Input data START

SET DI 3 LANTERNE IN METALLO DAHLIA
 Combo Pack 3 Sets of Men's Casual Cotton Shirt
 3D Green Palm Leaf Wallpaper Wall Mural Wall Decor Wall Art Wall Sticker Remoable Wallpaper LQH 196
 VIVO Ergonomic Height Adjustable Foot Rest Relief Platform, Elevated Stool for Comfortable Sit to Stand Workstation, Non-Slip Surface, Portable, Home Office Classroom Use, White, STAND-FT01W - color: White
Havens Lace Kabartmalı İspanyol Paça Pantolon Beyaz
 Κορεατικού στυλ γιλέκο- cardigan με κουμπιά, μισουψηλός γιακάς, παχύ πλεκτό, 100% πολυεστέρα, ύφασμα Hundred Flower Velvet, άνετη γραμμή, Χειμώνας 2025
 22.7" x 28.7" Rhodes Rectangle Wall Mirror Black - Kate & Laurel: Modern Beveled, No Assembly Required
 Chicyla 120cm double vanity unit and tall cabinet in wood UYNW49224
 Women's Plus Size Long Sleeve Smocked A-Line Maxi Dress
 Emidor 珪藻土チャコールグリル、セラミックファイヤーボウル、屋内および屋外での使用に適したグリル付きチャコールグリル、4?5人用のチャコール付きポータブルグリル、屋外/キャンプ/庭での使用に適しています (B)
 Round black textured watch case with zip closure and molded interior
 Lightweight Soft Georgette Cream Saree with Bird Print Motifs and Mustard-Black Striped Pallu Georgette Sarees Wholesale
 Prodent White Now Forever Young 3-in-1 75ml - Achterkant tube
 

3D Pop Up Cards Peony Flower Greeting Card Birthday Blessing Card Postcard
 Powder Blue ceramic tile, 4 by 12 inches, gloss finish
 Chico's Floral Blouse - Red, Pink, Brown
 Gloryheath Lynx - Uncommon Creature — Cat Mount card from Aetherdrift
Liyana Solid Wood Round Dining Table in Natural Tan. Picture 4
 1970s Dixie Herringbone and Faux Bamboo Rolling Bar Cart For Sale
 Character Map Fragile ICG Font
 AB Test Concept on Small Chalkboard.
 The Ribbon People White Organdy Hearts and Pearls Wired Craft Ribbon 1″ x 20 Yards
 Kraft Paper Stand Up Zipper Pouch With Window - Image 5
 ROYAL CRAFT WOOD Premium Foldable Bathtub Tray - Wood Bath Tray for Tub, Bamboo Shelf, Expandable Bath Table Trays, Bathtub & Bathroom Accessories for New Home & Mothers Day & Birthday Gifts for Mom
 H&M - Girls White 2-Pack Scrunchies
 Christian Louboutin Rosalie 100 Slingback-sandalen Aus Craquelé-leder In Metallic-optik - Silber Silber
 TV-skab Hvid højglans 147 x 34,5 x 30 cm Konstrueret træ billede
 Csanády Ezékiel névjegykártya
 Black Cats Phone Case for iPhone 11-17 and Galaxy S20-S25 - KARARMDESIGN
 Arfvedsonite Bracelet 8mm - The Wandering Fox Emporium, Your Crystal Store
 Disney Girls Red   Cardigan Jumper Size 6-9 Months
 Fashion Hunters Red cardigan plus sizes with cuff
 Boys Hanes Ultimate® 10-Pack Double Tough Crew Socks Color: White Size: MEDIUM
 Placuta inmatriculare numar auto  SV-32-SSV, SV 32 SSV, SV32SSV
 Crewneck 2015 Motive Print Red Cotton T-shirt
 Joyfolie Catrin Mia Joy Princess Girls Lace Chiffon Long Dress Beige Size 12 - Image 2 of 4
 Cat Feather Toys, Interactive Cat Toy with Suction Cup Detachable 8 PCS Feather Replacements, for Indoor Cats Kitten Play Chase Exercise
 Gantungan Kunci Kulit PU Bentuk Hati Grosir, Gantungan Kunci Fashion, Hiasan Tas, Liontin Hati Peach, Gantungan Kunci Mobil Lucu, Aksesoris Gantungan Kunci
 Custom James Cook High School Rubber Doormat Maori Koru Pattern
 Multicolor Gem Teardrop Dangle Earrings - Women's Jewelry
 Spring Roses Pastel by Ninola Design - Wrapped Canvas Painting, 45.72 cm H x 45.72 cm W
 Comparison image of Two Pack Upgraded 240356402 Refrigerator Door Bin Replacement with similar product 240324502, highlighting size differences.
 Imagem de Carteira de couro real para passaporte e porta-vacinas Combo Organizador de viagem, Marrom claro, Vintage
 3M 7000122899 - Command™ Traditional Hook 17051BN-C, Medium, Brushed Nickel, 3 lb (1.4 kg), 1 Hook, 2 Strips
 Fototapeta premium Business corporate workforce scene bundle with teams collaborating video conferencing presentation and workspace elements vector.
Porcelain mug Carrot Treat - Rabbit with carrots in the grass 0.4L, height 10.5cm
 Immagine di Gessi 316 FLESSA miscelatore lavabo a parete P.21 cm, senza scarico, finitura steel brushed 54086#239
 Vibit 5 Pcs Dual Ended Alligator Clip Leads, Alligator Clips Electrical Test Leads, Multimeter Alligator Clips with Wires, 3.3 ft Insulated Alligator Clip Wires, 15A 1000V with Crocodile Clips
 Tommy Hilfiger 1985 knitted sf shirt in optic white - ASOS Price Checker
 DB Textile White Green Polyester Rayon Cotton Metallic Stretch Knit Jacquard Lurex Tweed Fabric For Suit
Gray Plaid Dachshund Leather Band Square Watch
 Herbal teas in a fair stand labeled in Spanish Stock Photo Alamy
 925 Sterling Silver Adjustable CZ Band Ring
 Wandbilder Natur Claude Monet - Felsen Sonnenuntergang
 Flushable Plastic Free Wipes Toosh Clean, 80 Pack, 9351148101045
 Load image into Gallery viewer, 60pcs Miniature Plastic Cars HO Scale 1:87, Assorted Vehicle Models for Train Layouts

Input data END

_What you will do_
With the first line being the one containing "1970s Dixie Herringbone" and the last line the one containing "Gantungan Kunci Kulit", transcribe exactly the lines above that fall in that range.

_Response area_
 1970s Dixie Herringbone and Faux Bamboo Rolling Bar Cart For Sale
 Character Map Fragile ICG Font
 AB Test Concept on Small Chalkboard.
 The Ribbon People White Organdy Hearts and Pearls Wired Craft Ribbon 1″ x 20 Yards
 Kraft Paper Stand Up Zipper Pouch With Window - Image 5
 ROYAL CRAFT WOOD Premium Foldable Bathtub Tray - Wood Bath Tray for Tub, Bamboo Shelf, Expandable Bath Table Trays, Bathtub & Bathroom Accessories for New Home & Mothers Day & Birthday Gifts for Mom
 H&M - Girls White 2-Pack Scrunchies
 Christian Louboutin Rosalie 100 Slingback-sandalen Aus Craquelé-leder In Metallic-optik - Silber Silber
 TV-skab Hvid højglans 147 x 34,5 x 30 cm Konstrueret træ billede
 Csanády Ezékiel névjegykártya
 Black Cats Phone Case for iPhone 11-17 and Galaxy S20-S25 - KARARMDESIGN
 Arfvedsonite Bracelet 8mm - The Wandering Fox Emporium, Your Crystal Store
 Disney Girls Red   Cardigan Jumper Size 6-9 Months
 Fashion Hunters Red cardigan plus sizes with cuff
 Boys Hanes Ultimate® 10-Pack Double Tough Crew Socks Color: White Size: MEDIUM
 Placuta inmatriculare numar auto  SV-32-SSV, SV 32 SSV, SV32SSV
 Crewneck 2015 Motive Print Red Cotton T-shirt
 Joyfolie Catrin Mia Joy Princess Girls Lace Chiffon Long Dress Beige Size 12 - Image 2 of 4
 Cat Feather Toys, Interactive Cat Toy with Suction Cup Detachable 8 PCS Feather Replacements, for Indoor Cats Kitten Play Chase Exercise
 Gantungan Kunci Kulit PU Bentuk Hati Grosir, Gantungan Kunci Fashion, Hiasan Tas, Liontin Hati Peach, Gantungan Kunci Mobil Lucu, Aksesoris Gantungan Kunci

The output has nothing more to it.